Non è facile affrontare un fenomeno in cui si combinano, in parti eguali, lo spregiudicato affarismo dei contrabbandieri e la disperazione umana degli emigranti. I cinesi morti in un camion durante il passaggio della Manica e i corpi degli annegati, regolarmente gettati dal mare sulle coste spagnole, dimostrano che nessun Paese europeo può controllare completamente le sue frontiere marittime o terrestri. Ma certi accenti trionfalisti, soprattutto dopo il viaggio di Silvio Berlusconi in Libia, l’anno scorso, erano fuori luogo e rendono il governo più vulnerabile agli attacchi dell'opposizione. Se avesse consultato Giulio Andreotti o Lamberto Dini, il presidente del Consiglio saprebbe che Gheddafi è naturalmente, fisiologicamente infido.

Si è servito dell'Italia, quando Dini era ministro degli Esteri, per uscire dall'isolamento a cui era stato condannato dalla comunità internazionale dopo il «caso Lockerbie» (l'attentato contro un aereo di linea americano in Scozia). E ora, dopo avere comprato all'Onu la revoca delle sanzioni, si serve dei clandestini africani per barattare la sua collaborazione con i mezzi tecnici (radar, sensori, attrezzature navali) che gli servono (così, almeno, sostiene) per il controllo delle coste. Petrolio e clandestini sono oggi i due strumenti preferiti della politica di Gheddafi verso l'Italia.

Dovremmo forse adottare con lui una linea «americana»? Non ci converrebbe. Ma è meglio sapere che continuerà a cambiare periodicamente, a suo piacimento, le regole del gioco e a trattarci pubblicamente come il «nemico ereditario». Temo che Berlusconi, dopo l'incontro sotto la tenda, abbia ceduto alla tentazione di vantare come successo personale un’intesa che, con il leader libico, è sempre provvisoria e precaria.

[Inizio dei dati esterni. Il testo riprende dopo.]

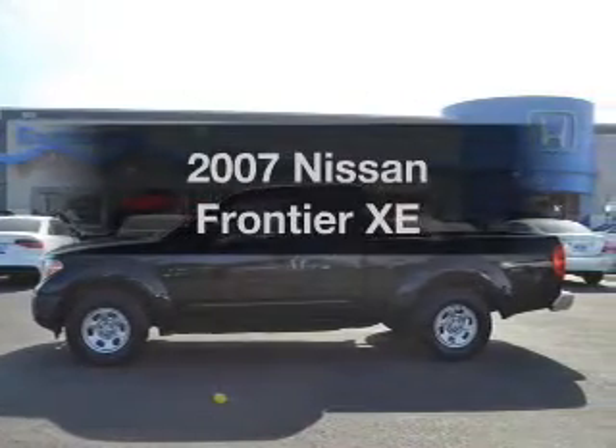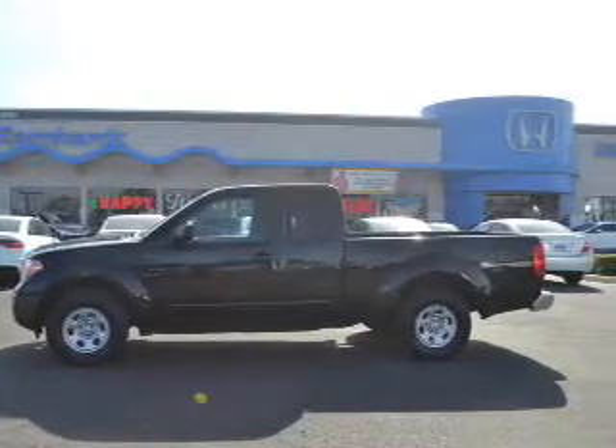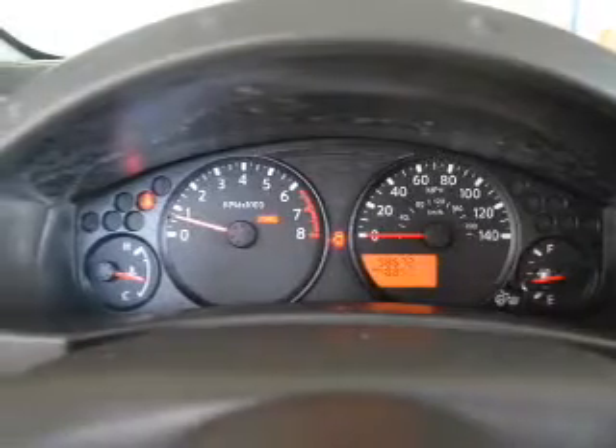Get noticed in this 2007 Nissan Frontier. Travel the roads in style and comfort in this great vehicle.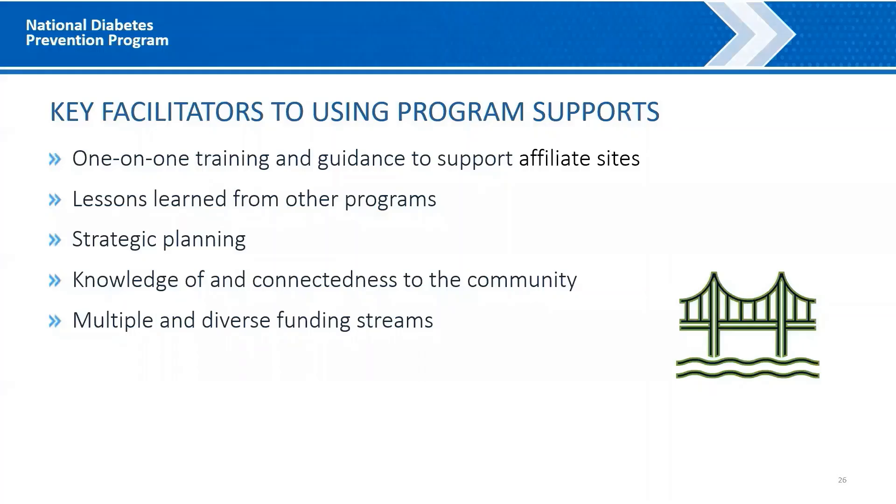Now we'll share the findings from our case study. Our findings include facilitators, barriers, and lessons learned in using program supports. APCHO, ADCES, and Comagine Health reported several facilitators to using program supports. They noted the importance of providing one-on-one training and guidance to support affiliate sites with strategic planning and the use of program supports, and learning from the experiences of other programs about the types of supports that helped engage participants. They also emphasized the importance of using a strategic and collaborative approach to planning and implementation of program supports, and to problem-solve issues as they arose. Knowledge of and connectedness to the communities served helps to better understand barriers to engagement and social determinants of health needs. Finally, identifying multiple and diverse funding streams to cover costs related to program supports was noted as very helpful.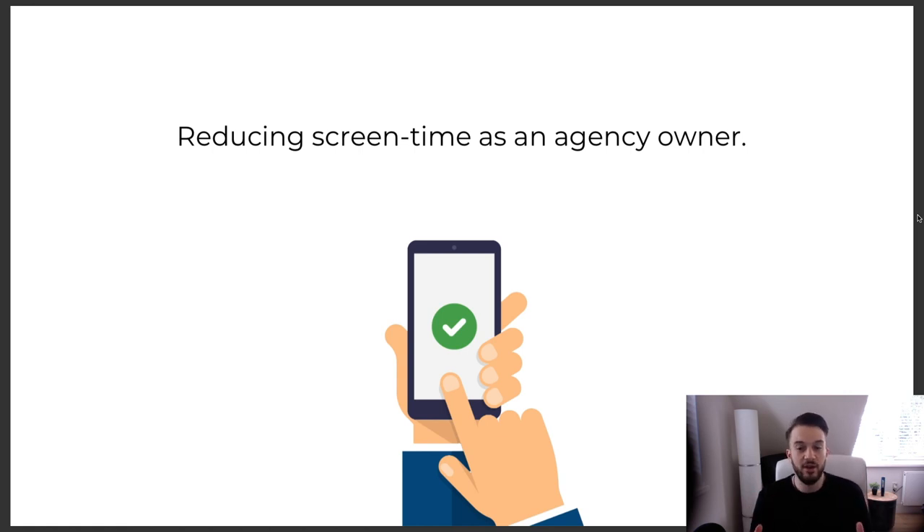Almost everything I do involves a screen — I'm on my iPad, my laptop, my iMac, my phone, watching television. Even when I'm finished work for the day and I watch a documentary, I'm still looking at a screen. Apart from a morning walk, I'm in front of a screen. I've noticed my productivity has gone down while my screen time has gone up, and my eyesight has gotten worse. I do wear prescription blue light blocking glasses which help.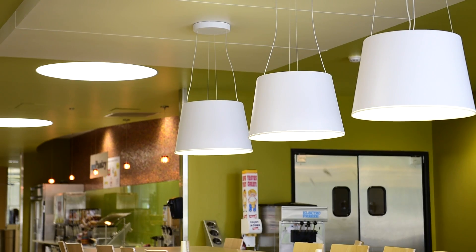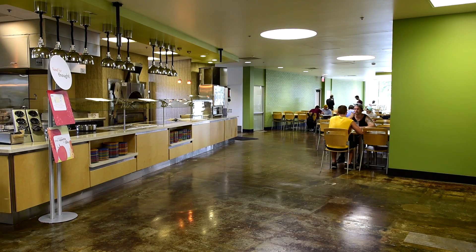Probably my favorite feature is the stuff that we removed, because that allowed for the space to be more open, feel more inviting and friendly, and then also it improves the lighting and the connection throughout the space.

Questa è la prima lezione di Lampedusa. La seconda concerne l'Europa. E' assurdo, dopo la firma del trattato di Schengen, pretendere che ogni Paese resti responsabile delle proprie frontiere e si disinteressi di quelle dei partner. E tale posizione è particolarmente assurda in un momento in cui il Mediterraneo, frontiera meridionale dell'Unione Europea, è il punto di raccolta per tutti i miserabili che hanno intrapreso, dall'Africa e dall'Asia, il loro viaggio della speranza. Non sempre chi sbarca da noi vuole restare in Italia. Molti ci considerano terra di passaggio per salire verso l'Europa centrale. Il governo italiano, grazie al semestre di presidenza, ha proposto una politica europea dell'immigrazione e un'agenzia dell'Ue per la sorveglianza delle frontiere. Ma si scontra, soprattutto in materia di quote, con il geloso attaccamento alla sovranità nazionale di alcuni suoi partner. Oggi, dopo Lampedusa, deve rilanciare il progetto. E potrà aggiungere, sulla base della propria esperienza, che nessun accordo bilaterale, in particolare con la Libia, sarà mai efficace quanto un accordo europeo. Di fronte a un'agenzia dell'Unione le armi preferite di Gheddafi si rivelerebbero spuntate.